Data excerpt
* * * *

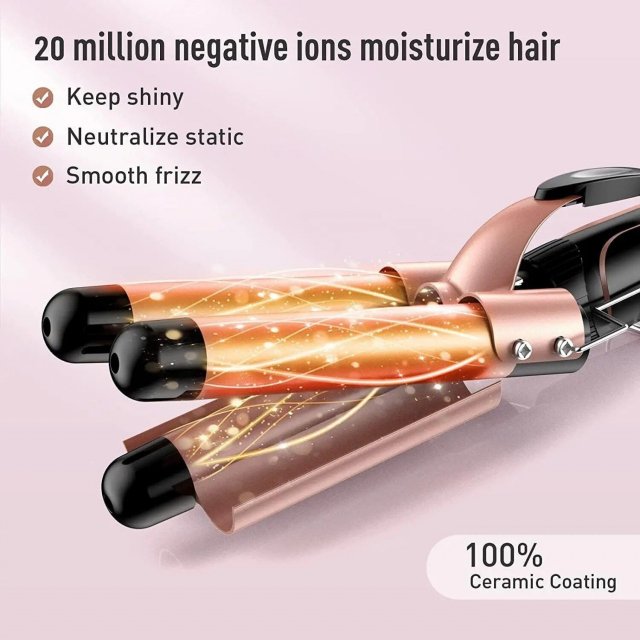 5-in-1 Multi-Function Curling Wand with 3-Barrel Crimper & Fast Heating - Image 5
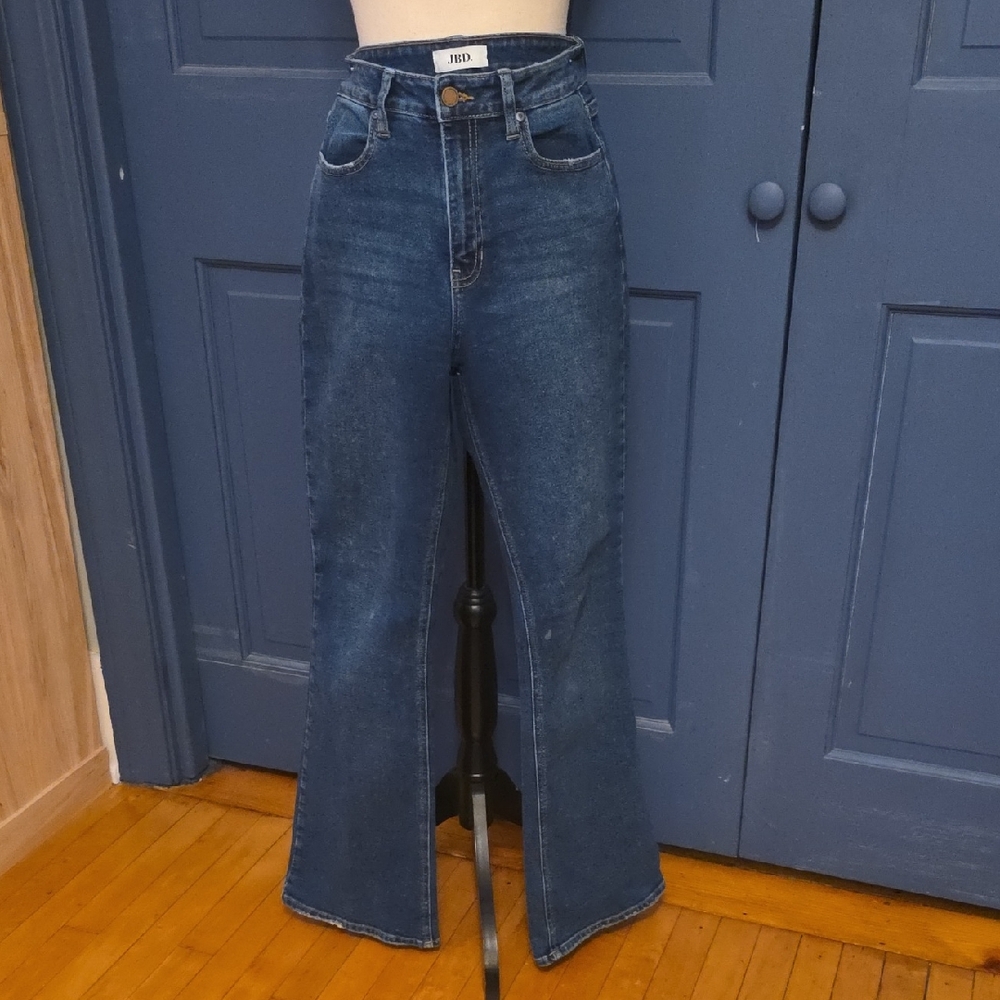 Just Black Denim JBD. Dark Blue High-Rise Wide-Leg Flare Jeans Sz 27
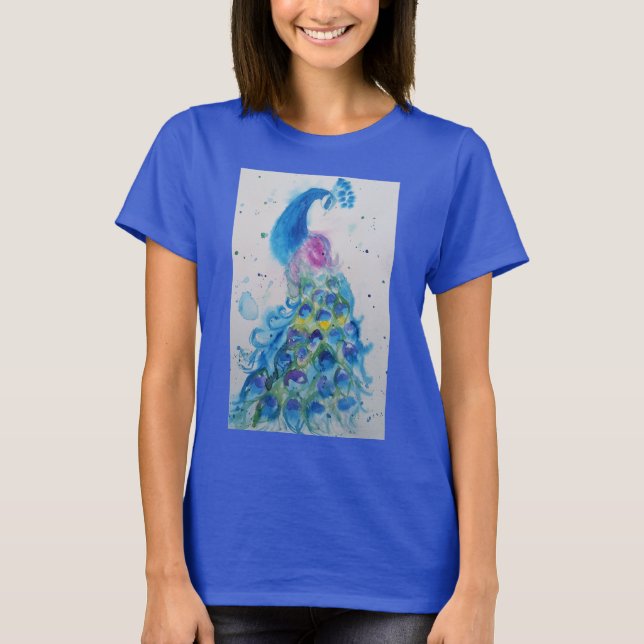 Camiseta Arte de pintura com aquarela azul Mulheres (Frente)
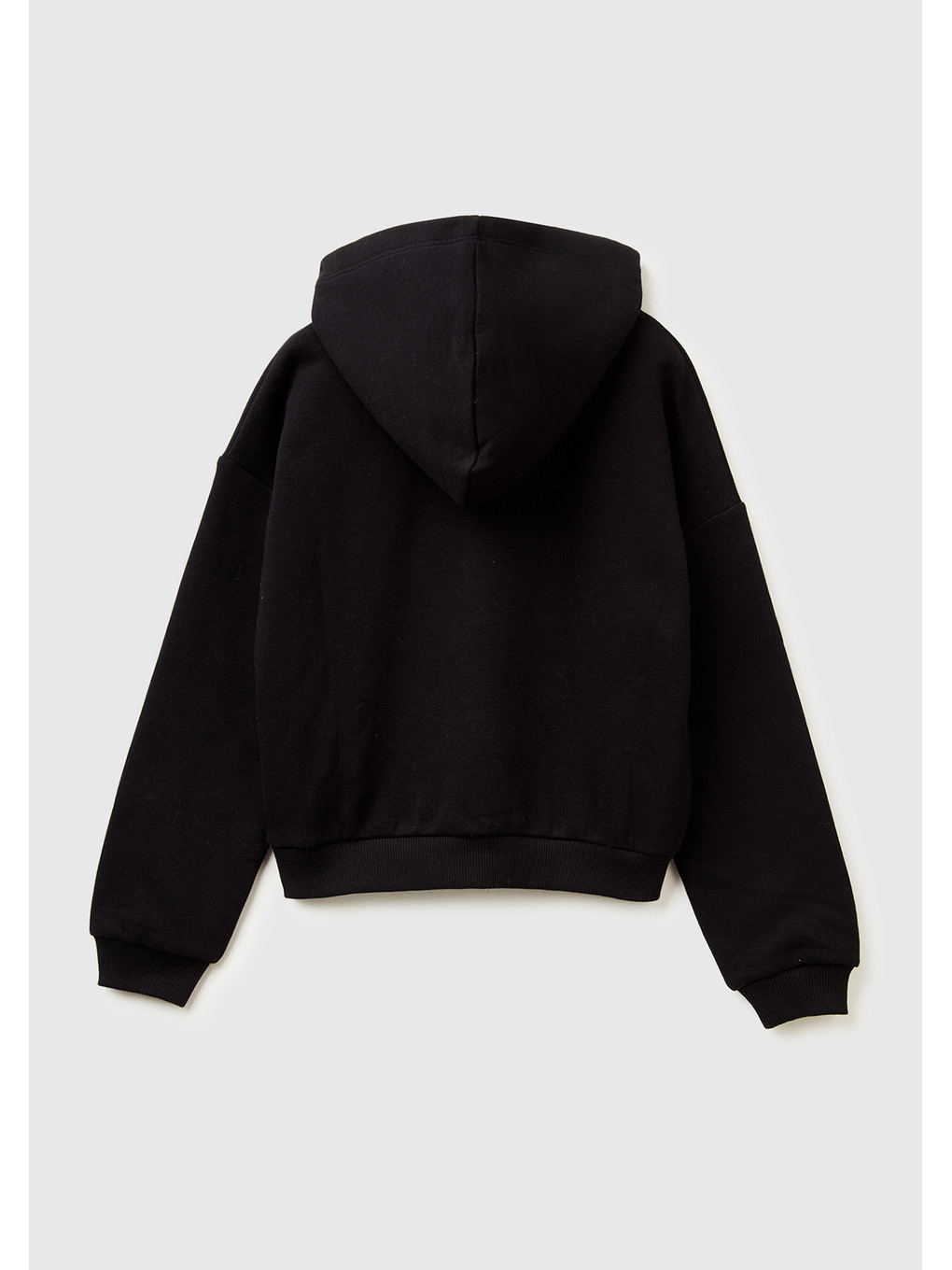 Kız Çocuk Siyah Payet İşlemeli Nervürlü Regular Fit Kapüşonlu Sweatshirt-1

* * * *

Directions for this task
Pictures are to be left out; repeat all the remaining data exactly.

Problem solution
 5-in-1 Multi-Function Curling Wand with 3-Barrel Crimper & Fast Heating - Image 5
 Just Black Denim JBD. Dark Blue High-Rise Wide-Leg Flare Jeans Sz 27
 Camiseta Arte de pintura com aquarela azul Mulheres (Frente)
 Kız Çocuk Siyah Payet İşlemeli Nervürlü Regular Fit Kapüşonlu Sweatshirt-1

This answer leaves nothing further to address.